Most of us have only a vague understanding of viscosity. We tend to choose an oil with a viscosity that we believe is correct for our particular engine, but would another viscosity improve or reduce the life of the engine? Can we freely pick and choose a viscosity outside a manufacturer's recommendations?

Technically, viscosity is defined as resistance to flow. Commonly though, we think of it as an oil's thickness. To be more specific, it is the thickness of an oil at a given temperature. The plot thickens (ha!).

The viscosity of an oil could be reported at any temperature, but to standardize things, most laboratories report either a low temp (100F or 40C) or a high temp (210F or 100C) and stick with either SUS or cSt. The standardized temperature reading allows us to compare apples to apples for judging the thickness of the oil. At Blackstone, we report the viscosity at 210F SUS, which is about the operating temperature of your engine when it's warmed up and running.

An apple is an apple, no matter what language you use to describe it. In the same respect, there are many ways to describe viscosity: SAE Engine, SUS (Seybolt Universal Seconds), cSt (Centistokes), ISO grade, etc. We use SUS. No matter what you call it, the number given simply defines the thickness of the oil at the standard high temperature.

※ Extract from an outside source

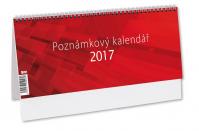 Kalendář stolní 2017 - Poznámkový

Straight Weight vs. Multi-Grade
Engine oil can be either a straight weight or a multi-grade viscosity. Originally, all oil was straight weight. Relatively few straight weights are manufactured today since most gas- or diesel-engine manufacturers recommend multi-grades. At operating temperature, a straight weight performs just as well as a multi-viscosity oil, and there is nothing wrong with using a straight weight. It's just a simpler form of oil. Some diesel fleets still use straight weights, as do about half the piston aircraft operators.

The difference between multi-grade and straight-weight oil is simply the addition of a viscosity improving (VI) additive. The most common grade of automotive oil in use today is the 5W/30, which is a mineral oil refined with VI additives that leave it reading as an SAE 5W viscosity when cold, yet an SAE 30W when hot (210F). The advantage to the multi-weight is that when starting the engine, the multi-viscosity oil (with its thickness of an SAE 5W when cold), allows the engine to spin over more easily.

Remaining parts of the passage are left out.